Clothes donated by FatFace are tailored to suit people with disabilities wishing to stay fashionable through the COVID-19 pandemic.

Manager of Dressability, Sharon Tombs, told Swindon Advertiser: “Because of the Covid pandemic we can’t visit community groups and organisations who help people who have a disability, to show them what we can do.

“We’ve had to adapt our plans and I came up with the idea of making up kits to give to these organisations so that their own workers can showcase what we do for the people they help.

“For a local charity to have a national clothing company support us is just fantastic.”

The kits come with five or six items of adapted clothing such as invisible zips, Velcro back openings, magnetic buttons and trouser loops for people who struggle with buttoning, have difficulty lifting their arms or wish to carry medical equipment discreetly.

Tombs said: “If you’ve had a stroke, you probably still love the clothes you had before and don’t suddenly want to have to wear jogging bottoms all the time or whatever, if you haven’t before.
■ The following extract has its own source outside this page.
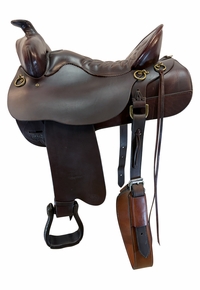 17.5Inch Used Tucker High Plains Trail Saddle Medium Tree 260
“The whole ethos of Dressibility is that you don’t need to buy specially adapted clothes. We will make your clothes work for you.”

FatFace has already donated enough clothes to fill 20 sample kits which are suitable to be delivered to stroke units, special education schools, care homes and other services for people with disabilities.

Tombs added: “The great thing about these clothes is that they’re colourful, fashionable, modern and they reflect the fact that people with disabilities don’t want to wear disabled clothes.

“People who have long term health conditions still want to pick clothes of their choice and wear things that represent who they are. And that’s what clothes do.

“These kits allow us to spread the word and help people who don’t know about us retain their dignity and independence.”

FatFace was founded in 1988 by Tim Slade and Jules Leaver as a business selling T-shirts at ski resorts.